Madem böyle önemli bir silah geliştirdin, zor tarafını bitirdin, bütün gücünü ortaya koyar imal ederdin, ilk partini Silahlı Kuvvetlere devir ve teslimini yaparken bu haberi herkesle paylaşırdın ki, dosta güven versin, düşmanı da caydırsın! Bunu birilerine prestij kazandırsın diye 4 sene önceden yaparsan Fahrettin Paşa’yı haklı çıkarırsın.
İtirazı duyar gibiyim:
-Yüzlerce tankın imal edilmesi küçük bir olay mı? Şu kadar sermaye, bu kadar kapasite ve şunu şunu gerektiriyor…
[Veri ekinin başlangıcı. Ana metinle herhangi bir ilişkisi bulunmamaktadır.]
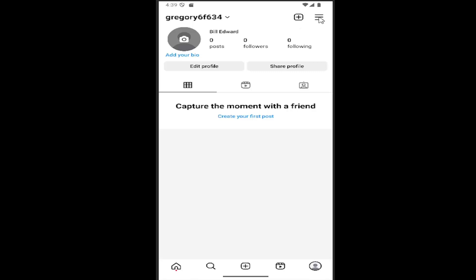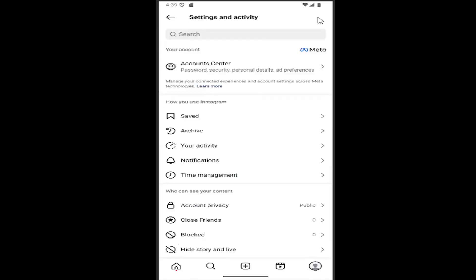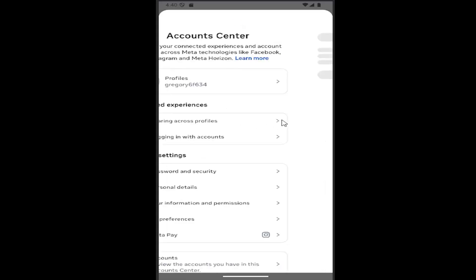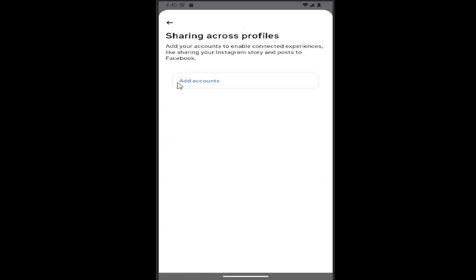Select the hamburger icon in the top right corner, then select Account Center at the top. Go to Connected Experiences and select Sharing Across Profiles.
Haklısınız belki ama, ben daha çok haklıyım:
Sermayesi, imkanları, kapasiteleri sıfırlanmış topraklarda yeni filizlenmiş bir Türkiye düşünün. 1927 yılında Kayseri’de jeneratörlerin ürettiği enerji ile çalışan bir imalathanede başlayan uçak üretimi, Eskişehir’de ve İstanbul’da dev fabrikalara dönüşmüş, dünyanın en modern uçaklarından yüzlercesi imal edilmiş, içeride ve dışarıda pazarlanmış olduğunu biliyor muydunuz? 10-15 yıl gibi kısa bir sürede uçak sanayiinde dünyada söz sahibi olduğumuzu biliyor muydunuz?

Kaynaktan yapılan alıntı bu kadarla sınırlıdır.